Exists in set query


#1

I need to design a system where I need to check if a key exists or not. Currently I am already using aerospike for the cause but my use case is no entirely satisfied by aerospike. I will have a key like this ( A group of 4 integers) –

For eg.

1-105-3-1133441 222-1000-1-1891893

(clientid-campaignid-nodeid-userid)

I just need to know if this key exists or not in the set. If exists return 1 else set the key and return 0. So that next time the query will return 1 This has to be a centralized service, like an aerospike server , because the checks/set will happen from multiple servers.

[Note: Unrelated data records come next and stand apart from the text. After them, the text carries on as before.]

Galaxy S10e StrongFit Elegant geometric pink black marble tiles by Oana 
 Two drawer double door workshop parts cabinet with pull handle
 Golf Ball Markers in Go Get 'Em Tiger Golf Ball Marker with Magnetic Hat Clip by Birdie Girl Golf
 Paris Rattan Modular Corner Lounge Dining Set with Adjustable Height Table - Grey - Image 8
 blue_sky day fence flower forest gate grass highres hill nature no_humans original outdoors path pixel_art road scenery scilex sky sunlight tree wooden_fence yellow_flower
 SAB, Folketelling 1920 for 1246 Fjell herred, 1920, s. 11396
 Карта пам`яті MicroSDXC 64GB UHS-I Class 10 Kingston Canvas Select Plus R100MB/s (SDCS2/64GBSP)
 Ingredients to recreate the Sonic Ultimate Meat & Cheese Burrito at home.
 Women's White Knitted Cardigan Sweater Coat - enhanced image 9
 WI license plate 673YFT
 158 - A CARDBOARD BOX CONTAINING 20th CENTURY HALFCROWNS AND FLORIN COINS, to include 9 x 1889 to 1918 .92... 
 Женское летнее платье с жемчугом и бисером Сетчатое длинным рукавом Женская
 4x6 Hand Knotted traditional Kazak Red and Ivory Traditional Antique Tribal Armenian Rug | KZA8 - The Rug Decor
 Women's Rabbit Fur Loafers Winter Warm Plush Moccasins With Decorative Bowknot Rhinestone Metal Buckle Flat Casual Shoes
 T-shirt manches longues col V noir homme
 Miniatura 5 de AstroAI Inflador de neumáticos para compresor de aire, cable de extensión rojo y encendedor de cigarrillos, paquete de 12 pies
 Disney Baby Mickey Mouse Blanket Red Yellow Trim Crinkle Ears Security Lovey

If a campaign is live the queries will be very dense ( upto 20k/s ). So the key lookup has to be in memory. But after that , for eg if no query in the last 5 minutes , all the data has to be retained on disk , so that memory can be freed up for other campaigns. I do not expect more that 20-30 campaigns to be live.

Whenever the next time an old campaign gets a query again , the server should bring it back to memory and serve the requests from memory. The first query will be slow because it has to kickoff a read from disk but next query onwards will be very fast.

I am using aerospike for now , but there is a problem that aeorspike stores all keys in memory. When it is practically useless to have old campaigns in memory unless they get triggered again

The total number of keys is practically unlimited. But let us consider 50 million keys per campaign and I may need to store 100k campaign data. Of which only < 50 will be live at any given point of time. The amount of old campaign data is just constrained by disk space


#2

You are storing a composite key with clientid-campaignid-nodeid-userid (a-b-c-d). So total number of keys are abc*d… correct? What, if any, is the data associated with this key?

What are the expected total number of each of a,b,c,d individually that you expect in your problem domain?

When you refer to 100K campaign data, I assume you mean total number of campaignid’s = 100,000. Of which only 50 are active at a given time. Correct?